Le savant Cerani a découvert un fragment assez large en une version latine, traduite à partir d’un texte grec, mais l’original a dû être écrit soit en hébreu soit en araméen. Le récit de la mort de Moïse n’est pas rapporté comme tel dans ce livre pseudépigraphe. Mais l’histoire est à la fois conforme au reste des fragments du livre et au mode d’approche et d’interprétation des faits particuliers à Jude. Certains savants modernes pensent que l’Assomption est un texte différent de celui du Testament de Moïse, mais il est plus probable que les deux livres étaient les mêmes connus sous deux noms différents.
D’autres commentateurs pensent que la citation de Jude provient de Zacharie 3. En ce qui nous concerne, nous ne mettrons pas en doute le fait que Jude rapporte, en faisant confiance en l’autorité de l’auteur et à l’inspiration par l’Esprit-Saint.

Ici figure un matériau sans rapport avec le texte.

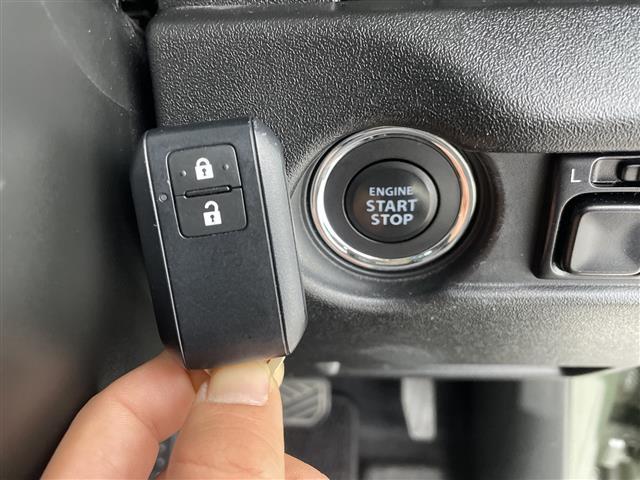 ジムニー XC ディスプレイオーディオ ETC ミラー型ドラレコ シートヒーター 衝突被害軽減ブレーキ レーンアシスト LEDヘッドライト オートライト ダウンヒルアシストコントロール スマートキー 禁煙車(17枚目)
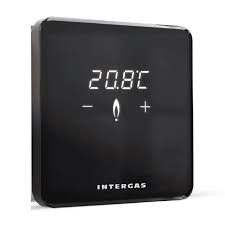 Intergas modulerende kamerthermostaat Comfort Touch zwart kopen bij KH Installaties Intergas modulerende kamerthermostaat Comfort Touch zwart - Intergas Onbekend - Productfoto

Du côté des autorités ecclésiastiques des premiers siècles qui le citent, mentionnons Clément d’Alexandrie qui en parle dans sa Stromata et Hypostasis. Dans son commentaire, Clément écrivait : « il confirme ici l’Assomption de Moïse ». Evodius, évêque d’Uzale et ami d’Augustin, le tient pour un mystère, « secreta de Moïse ». Au 5e siècle, Gélase de Cysique le connaissait également. Il sera de même cité durant le 8e siècle dans Stichométria Sacrorum, où il y est dit qu’il est aussi long que l’Apocalypse de Jean. Au milieu du 19e siècle, Ceriani en a publié un tiers d’après un palimpseste de la librairie ambrosienne de Milan. Ce fragment contient le passage cité par Gélase, mais non l’incident de la mort de Moïse et la dispute entre Michel et Satan. Nous ne mettrons pas en question les déclarations d’Origène et de Dydyme qui, l’un et l’autre, affirment que le livre contient en effet l’incident en question. L’Assomption de Moïse a été rédigée avant la lettre de Jude, quoique certains aient émis l’hypothèse selon laquelle un auteur chrétien du 2e siècle se serait inspiré de Jude!
Ces deux livres étaient tenus en haute estime dans l’Église primitive, ce qui ne prouve pas que Jude les ait tenus, quant à lui, pour des écrits canoniques. S’il les cite, il le fait parce qu’ils offrent des illustrations appropriées pour son propos.
Rappelons-nous que d’autres auteurs, dont Paul, se réfèrent à un commentaire rabbinique dans 1 Corinthiens 10.4. L’auteur de la lettre aux Hébreux semble être familier des écrits de l’auteur juif Philon. Dans 2 Timothée 3.8, il est dit que Jannès et Jambrès étaient des magiciens égyptiens qui, en présence du Pharaon, se sont opposés à Moïse. Il est également question de la médiation des anges lors de la promulgation de la loi (Ga 3.19; Hé 2.2). Certaines déclarations dans Actes 7.22, Hébreux 11.37 et Jacques 5.17 sont des allusions à du matériel pseudépigraphe.
Ceci ne devrait point nous surprendre. Selon Alfred Plummer, Jude dut certainement croire à la dispute entre Michel et Satan; même s’il la connut sous la forme d’un mythe, il put, avec droit, s’en servir pour illustrer son propos, car ce « fait divers céleste », si l’on peut le qualifier de tel, devait être familier à ses lecteurs.
Selon M. Green, l’inclusion de matériaux pseudépigraphes dans l’écrit de Jude a incité certains chrétiens des trois premiers siècles à les considérer comme canoniques. Plus tard, le climat changea, car on se rendit compte combien il était dangereux de se servir de matériel apocalyptique. Augustin et Chrysostome ont attaqué les pseudépigraphes et « leurs fables blasphématoires ». On est allé jusqu’à suspecter la lettre de Jude de ne pas jouir de toute l’autorité canonique requise pour être incluse dans le recueil des 27 livres du Nouveau Testament. Finalement, on a défendu l’écrit avec l’argument selon lequel le recours à des écrits apocryphes et pseudépigraphes ne devrait pas témoigner contre sa canonicité.